Transcribe word for word the section of the records below that opens with the line containing "Колёсный экскаватор TAKEUCHI TB 295W: фото 2 Колёсный" and closes with the line containing "Collar con Colgante"; drop every picture.

• [Data listing]:

Content starts

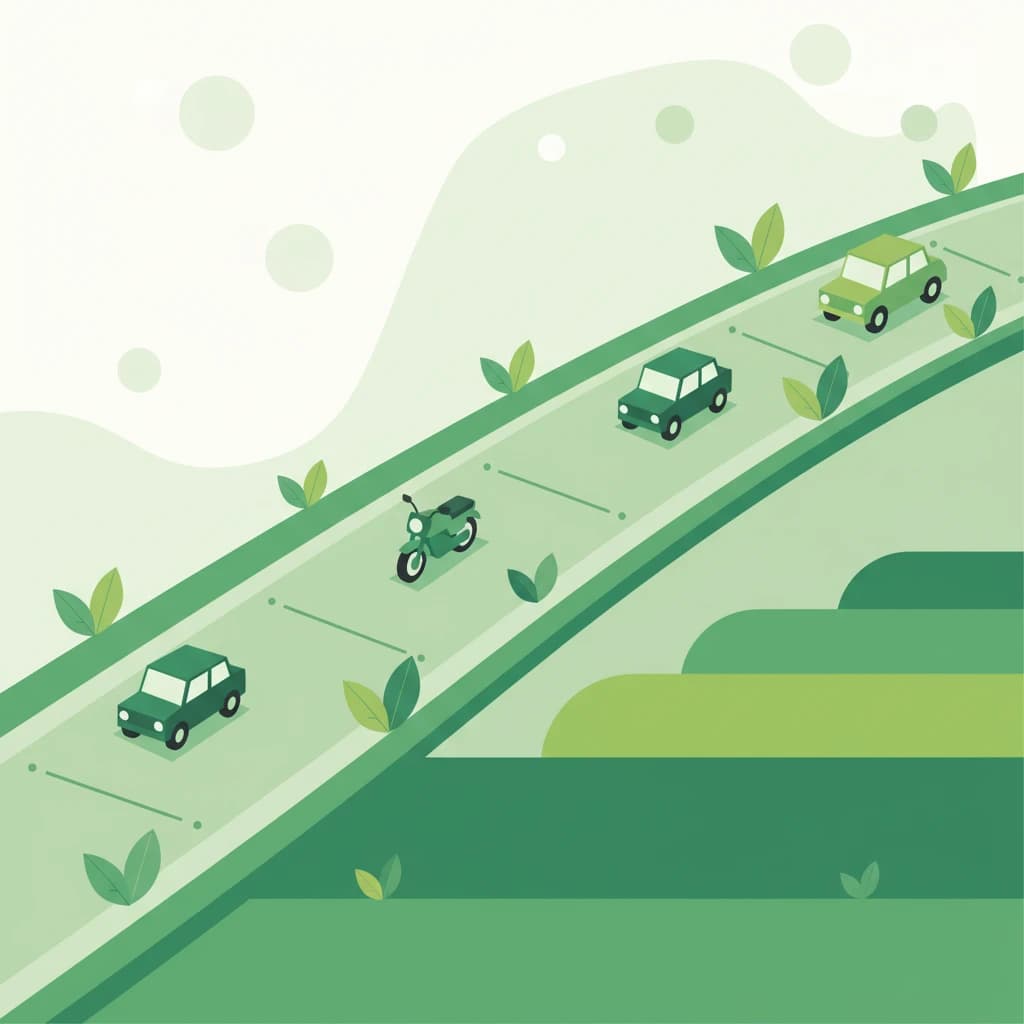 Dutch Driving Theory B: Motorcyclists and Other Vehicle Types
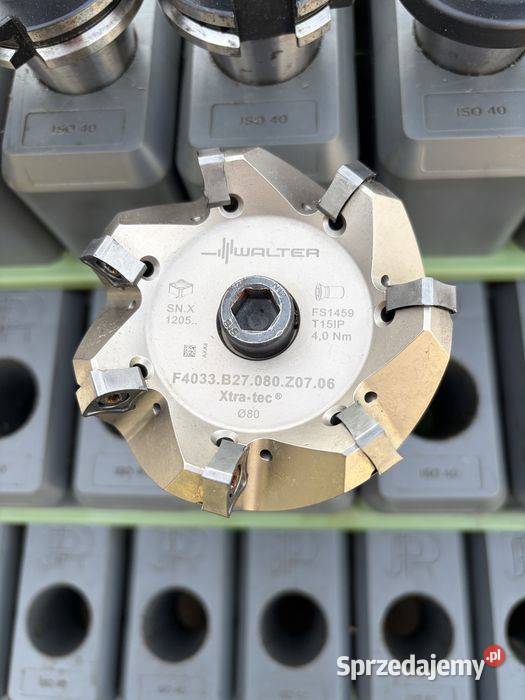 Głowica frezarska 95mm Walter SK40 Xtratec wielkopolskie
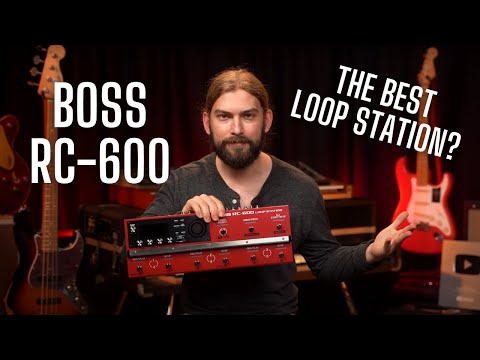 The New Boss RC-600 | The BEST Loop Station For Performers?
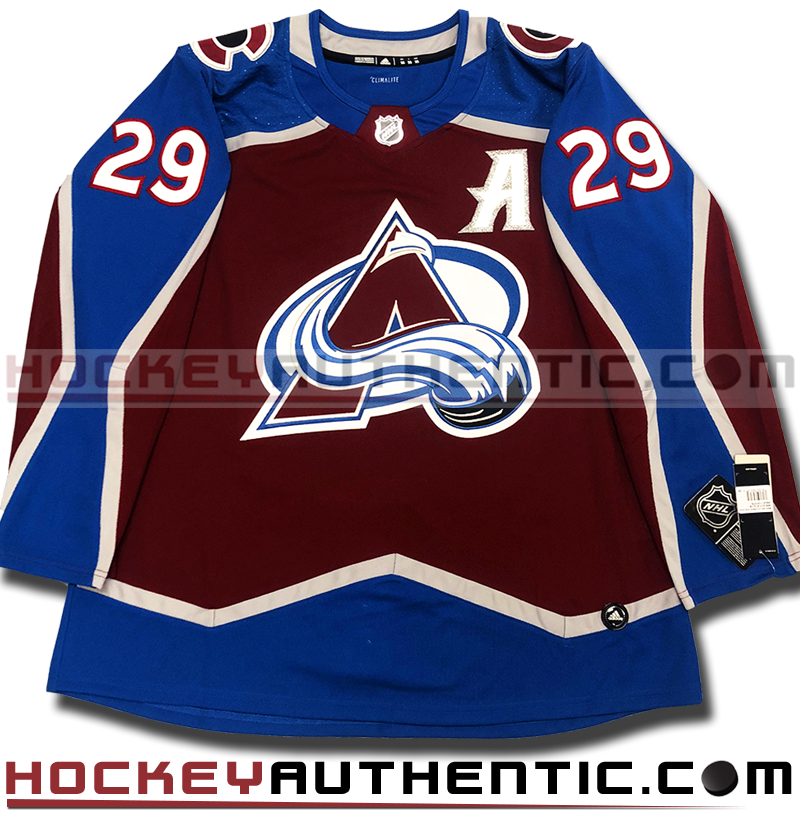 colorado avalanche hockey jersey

Content ends
Content starts

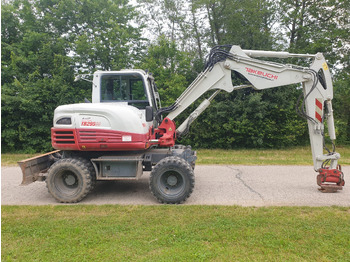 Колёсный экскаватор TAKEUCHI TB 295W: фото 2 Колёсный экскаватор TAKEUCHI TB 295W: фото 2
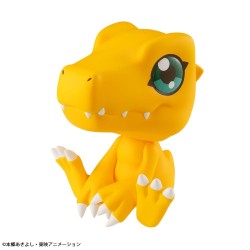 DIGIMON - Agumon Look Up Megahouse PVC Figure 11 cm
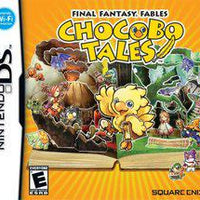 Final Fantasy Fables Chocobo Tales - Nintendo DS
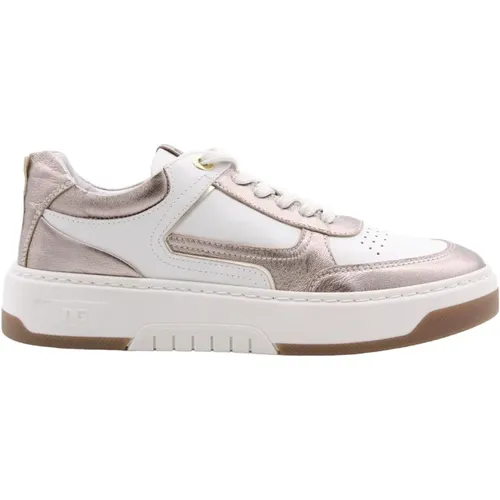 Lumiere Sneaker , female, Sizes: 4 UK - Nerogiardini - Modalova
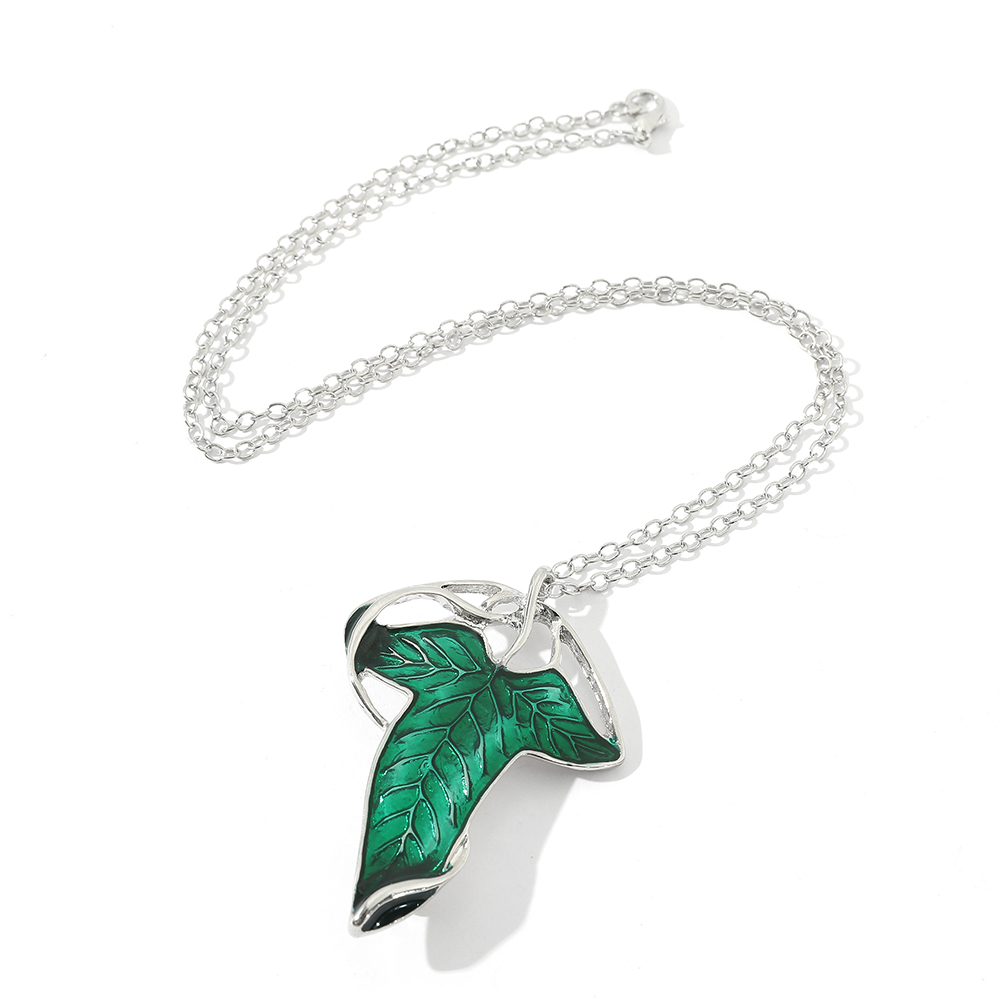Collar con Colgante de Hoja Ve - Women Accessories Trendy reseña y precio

Content ends
Content starts

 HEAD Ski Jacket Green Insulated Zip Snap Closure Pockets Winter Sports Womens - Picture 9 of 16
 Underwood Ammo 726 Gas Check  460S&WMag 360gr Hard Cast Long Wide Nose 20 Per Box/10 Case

Content ends

• [Task answer]:
 Колёсный экскаватор TAKEUCHI TB 295W: фото 2 Колёсный экскаватор TAKEUCHI TB 295W: фото 2
 DIGIMON - Agumon Look Up Megahouse PVC Figure 11 cm
 Final Fantasy Fables Chocobo Tales - Nintendo DS
 Lumiere Sneaker , female, Sizes: 4 UK - Nerogiardini - Modalova
Collar con Colgante de Hoja Ve - Women Accessories Trendy reseña y precio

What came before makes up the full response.